A Duty to Serve, An Engagement Delayed
On a beach at sunset. That was how Travis Kendel, P.Eng., planned to propose to his girlfriend, Stephanie, during a trip to Maui the first week in May. The proposal never happened – at least not on the beach. When Mr. Kendel heard about the wildfires threatening his community, he jumped on the first flight home, returning on May 6 to a changed landscape.
“I was driving into Fort McMurray with flames on the sides of the highway, unescorted, while our first responders were escorting waves of evacuees from north of Fort McMurray, through the city, and to the south,” recalls Mr. Kendel, RMWB’s Development Manager, Environmental Services.
Mr. Kendel joined Ms. George, Mr. Colbert, and other RMWB employees who were working diligently to maintain and restore the city’s strained water supply.
The treatment plant’s ultraviolet water filtration system had gone offline for a short time, compromising the water supply. Dust and debris had also contaminated reservoirs. The result was a boil-water advisory across the region.
Working with Associated Engineering and Alberta Environment, Mr. Kendel led recovery of the water treatment and storage systems.
“That involved some very thorough cleaning and testing of all facilities, as well as compliance reviews by government agencies,” he says.
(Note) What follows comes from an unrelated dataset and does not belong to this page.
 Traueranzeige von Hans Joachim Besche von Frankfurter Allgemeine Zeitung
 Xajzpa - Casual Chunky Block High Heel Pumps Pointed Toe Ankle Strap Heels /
Extra steps were taken to ensure safety, including sampling of drinking water within schools and consulting with water experts at universities across Canada.
It took about six weeks to clean and flush the entire water system, including reservoirs and all treatment and distribution facilities. As far as RMWB is aware, that’s something no other municipality in Canada has ever had to do before.
In June, the boil water advisory was lifted for most areas served by the plant. By mid-August, all boil water advisories were lifted, and all customers served by the plant had access to safe drinking water. Some heavily damaged areas are still impacted, though. Parts of Abasand, Beacon Hill, and Waterways won’t have water service until rebuilding begins.
Besides water treatment, the sanitary and storm water collection systems also needed repairs. With nothing left of many homes except concrete foundations, crews had to dig down and cap water and sewer lines to prevent debris from entering the system and causing backups. As with the other challenges they faced, staff and contractors ensured the worked was done as quickly as possible.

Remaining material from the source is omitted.